The Advertising Council is searching for an “elite” group of creative talent to work on a national war ad campaign in conjunction with the White House.

The plan is to form a group similar to the Tuesday Team, which pulled agency executives together to promote Ronald Reagan’s 1984 presidential bid. The group will design a strategy for several PSA campaigns that will respond to the Sept. 11 terrorist attacks, said Peggy Conlon, Ad Council president and CEO.

Details have not yet been worked out, but the overall campaign is likely to address such issues as anti-discrimination, tolerance, parental responses and mental health, among others.

At least 12 shops would then be asked to produce the pro bono ads.

Rather than have agencies work with the Ad Council on an ad hoc basis–the method used for current ads by McCann-Erickson in New York featuring Laura Bush and by GSD&M in Austin focusing on diversity–the ad industry wants to coor- dinate its future efforts under one umbrella, Conlon said.

The goal is to have three to five team members working on a part- or full-time basis, Conlon said.

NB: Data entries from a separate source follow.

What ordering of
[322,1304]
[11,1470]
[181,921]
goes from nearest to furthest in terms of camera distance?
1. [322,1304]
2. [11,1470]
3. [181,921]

So far, the Council has contacted Phil Dusenberry, chairman of BBDO, New York, and Ron Berger, CEO and chief creative officer of Messner Vetere Berger McNamee Schmetterer/Euro RSCG.

Dusenberry, part of the Tuesday Team, said he is considering the offer, which was extended last week by American Association of Advertising Agencies president O. Burtch Drake. Widespread exposure is needed to make the plan work, Dusenberry said, adding, “I am confident they would get enough [media time], because what could be more important than this?”

Berger, who chairs the 4A’s creative committee, said he was invited to participate during a 4A’s board meeting on Tuesday at which the plan was first discussed. He declined to join. “I can’t do this full-time, but I think our involvement in some way would be a possibility,” he said.

The Ad Council was formed after the attack on Pearl Harbor. It created such World War II ad efforts as Rosie the Riveter and the slogan “Loose lips sink ships.”